Zwei von insgesamt vier Produktionen waren dem Thema Gehörloseninklusion gewidmet, wie auch noch weitere Programmpunkte des Musikprotokolls.

Den Auftakt machte eine Performance von Marco Donnarumma, einem Komponisten und Performer, der nicht gehörlos geboren wurde, sondern sein Gehör erst allmählich im Erwachsenenalter verliert. Er beschäftigt sich nicht nur auf der kreativen Seite mit dem Thema Gehörlosigkeit, sondern auch mit der Weiterentwicklung von Hörhilfen, die heutzutage mit KI gesteuert werden.

Ex silens“, so der Titel seiner 70-minütigen Performance, ist eine Arbeit, die nicht nur technisch innovativ und ausgefeilt ist. Sie verbindet Hightech mit emotionalen Erlebnissen der Sonderklasse. Der italienische Künstler tritt im Kostüm eines Cyberborgs auf, der sich zögerlich unter das Publikum mischt und mit diesem interagiert, daran Gefallen findet, es in seinen Kosmos einbindet und sich schließlich nach einer guten Stunde melancholisch wieder von ihm verabschiedet.

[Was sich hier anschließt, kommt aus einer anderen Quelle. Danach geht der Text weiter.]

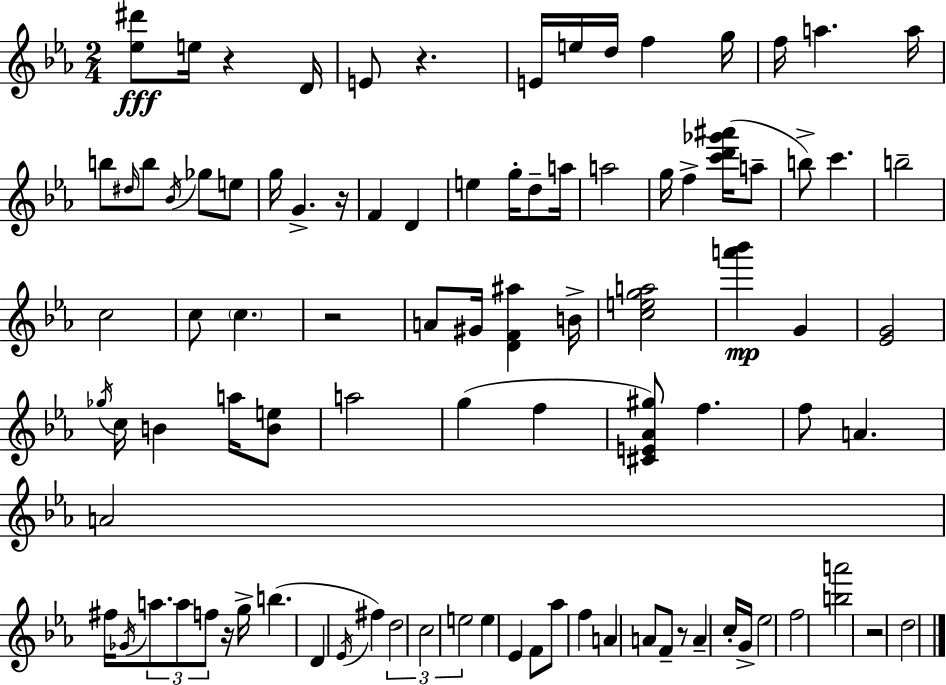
X:1
T:Untitled
M:2/4
L:1/4
K:Eb
[_e^d']/2 e/4 z D/4 E/2 z E/4 e/4 d/4 f g/4 f/4 a a/4 b/2 ^d/4 b/2 _B/4 _g/2 e/2 g/4 G z/4 F D e g/4 d/2 a/4 a2 g/4 f [c'd'_g'^a']/4 a/2 b/2 c' b2 c2 c/2 c z2 A/2 ^G/4 [DF^a] B/4 [cega]2 [a'_b'] G [_EG]2 _g/4 c/4 B a/4 [Be]/2 a2 g f [^CE_A^g]/2 f f/2 A A2 ^f/4 _G/4 a/2 a/2 f/2 z/4 g/4 b D _E/4 ^f d2 c2 e2 e _E F/2 _a/2 f A A/2 F/2 z/2 A c/4 G/4 _e2 f2 [ba']2 z2 d2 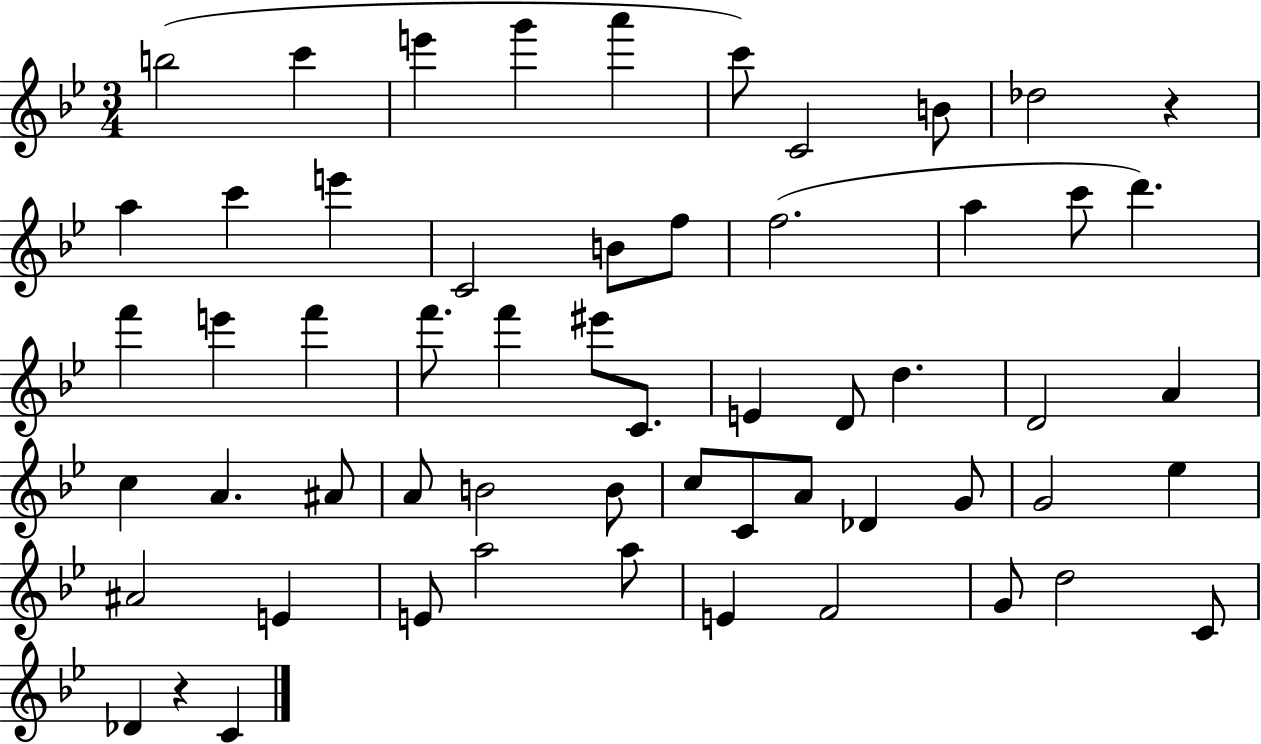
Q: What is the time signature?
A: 3/4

Der Sound, der die Performance begleitet, stammt ebenfalls von ihm und wird teilweise live durch Verstärkung seiner eigenen Körperfunktionen erzeugt. Mit den Verkabelungen, die von Tonabnehmern auf seinen Oberarmen kommen, weiß er geschickt umzugehen. Sie erwecken den Eindruck, dass das von ihm verkörperte Wesen stellenweise fremdgesteuert agiert und nur bedingt seinem eigenen Willen folgen kann. Die Interaktion mit den Menschen in der ersten Sitzreihe erfolgt durch körperliche Kontaktaufnahme. Und sie hat es in sich. Wer zu Beginn von ihm berührt wird, spürt seine zarten Hände und Finger und bemerkt schnell, dass, entgegen seinem bedrohlichen Aussehen, viel Wärme, aber auch eine gewisse Portion Zurückhaltung und Ängstlichkeit in ihm steckt.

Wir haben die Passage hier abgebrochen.